Los críticos de la saga ya no tienen solo un puñado de sospechas sobre la corte real y sus negocios como entonces. Ahora tienen una cadera real rota, unas disculpas con propósito de enmienda, una condena penal para el plebeyo de la familia, una abdicación, un comunicado de la Casa Real reconociendo que sabía desde un año antes los negocios peligrosos del emérito, un exilio encubierto, tres investigaciones penales, una regularización fiscal y un entramado de sociedades que no deja de crecer como la mala hierba.

Semejante sucesión de catástrofes no se puede despachar con una línea en una escena menor, al final de la película y como si se hablase de algo que hubieran perpetrado unos marcianos con quienes, lamentablemente, coincidimos una vez en un bautizo. Ya no se trata solo de que no guste la secuela; además cabrea.

Diez años después, la buena noticia es que han podido estrenar con la promoción habitual. La mala noticia es que la monarquía ha vuelto exactamente donde estaba entonces y no se les ha ocurrido nada mejor que hacer una secuela. Todos los problemas, sospechas, desafíos y dilemas que llevaron a Juan Carlos I a estrenar la primera entrega de “La Justicia es igual para todos” continúan ahí, intactos, con el agravante de que ha pasado una década y muchas de las cosas que se podían intentar entonces para evitar el desastre ya se han implementado y, o no han funcionado, o han alimentado aún más el incendio que se acerca a Zarzuela.

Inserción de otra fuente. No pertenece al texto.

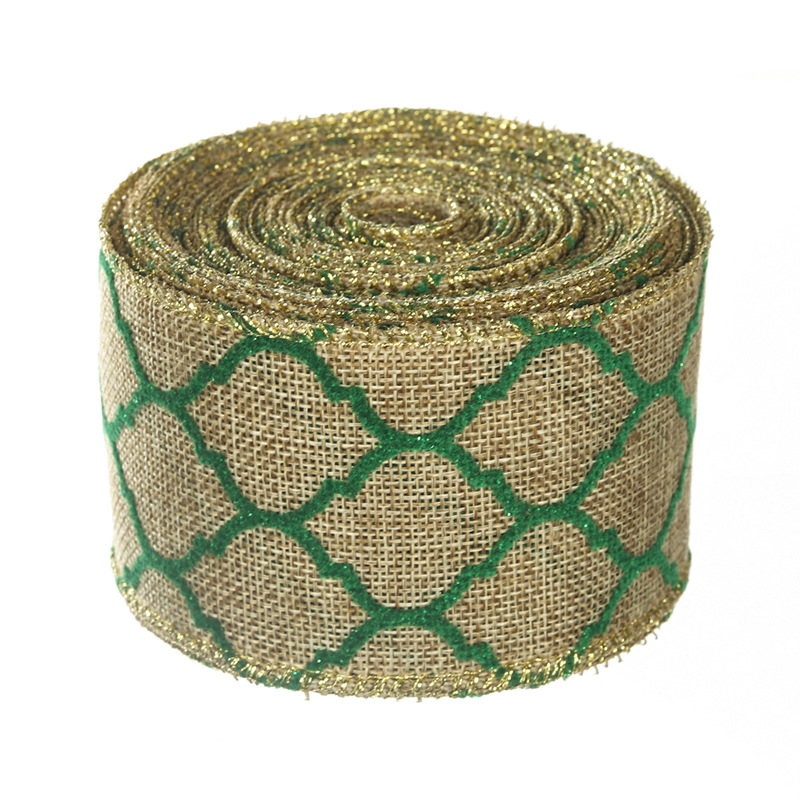 Cinta de Yute 6.3cm con Cuadrícula y Copos de Nieve 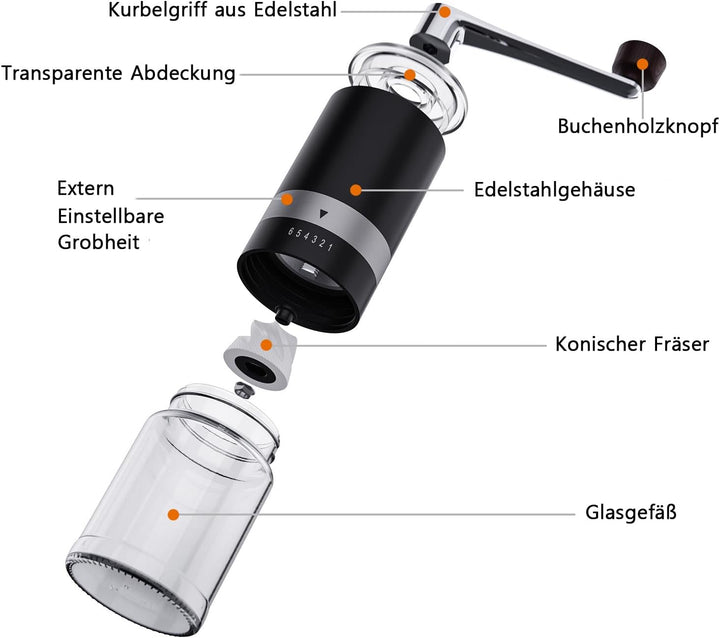 BRAVECOW Tragbare kaffeemühle manuell,Kegelmahlwerk aus Edelstahl kaffee mühle mit 6 einstellbaren S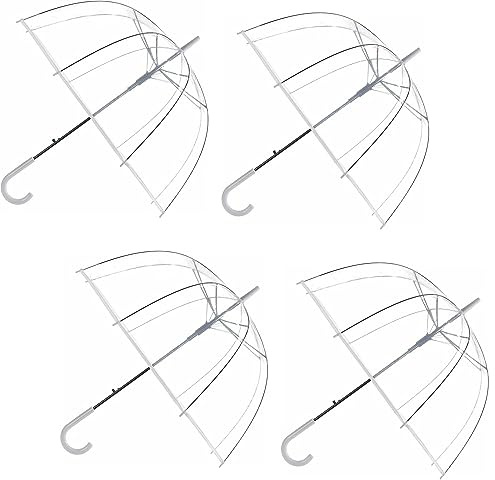 Aggloz | Umbrella, Compact Strong Windproof Umbrellas, Stick Lightweight, Portable Travel Golf Umbrella for Rain, One Button Auto Open | Wedding Umbrella | Clear - 4pcs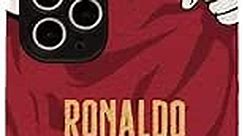 Slrioks Ronaldo Jersey Phone Case Creative Soccer Case for iPhone 14 Pro Max Thin Soft Imitation Leather Shockproof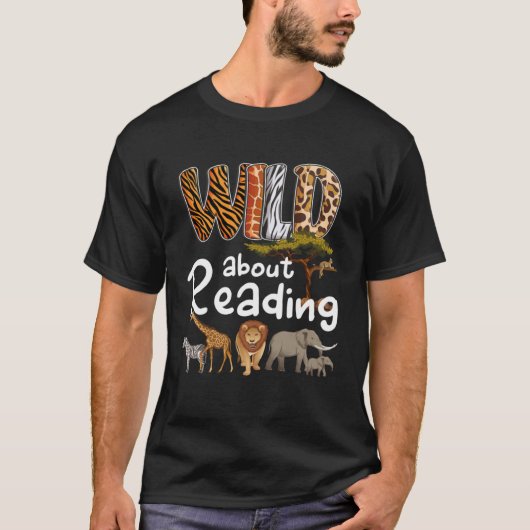 Wild About's Books 読 Reader Bookworm Libraria Tシャツ (正面)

Ni siquiera es el peor de los problemas. La primera entrega funcionó porque su autor conservaba aún mucho del capital generado por aquella caudalosa fuente de legitimidad que llamábamos “juancarlismo”. Hoy esa fuente que parecía inagotable se ha secado y el autor de la secuela no ha llegado a tener, ni a acercarse siquiera, la autoridad que poseía su padre, incluso entre quienes no soportan la saga. Felipe VI nunca será una superestrella como lo fue su padre y las sagas taquilleras no funcionan igual sin ellas.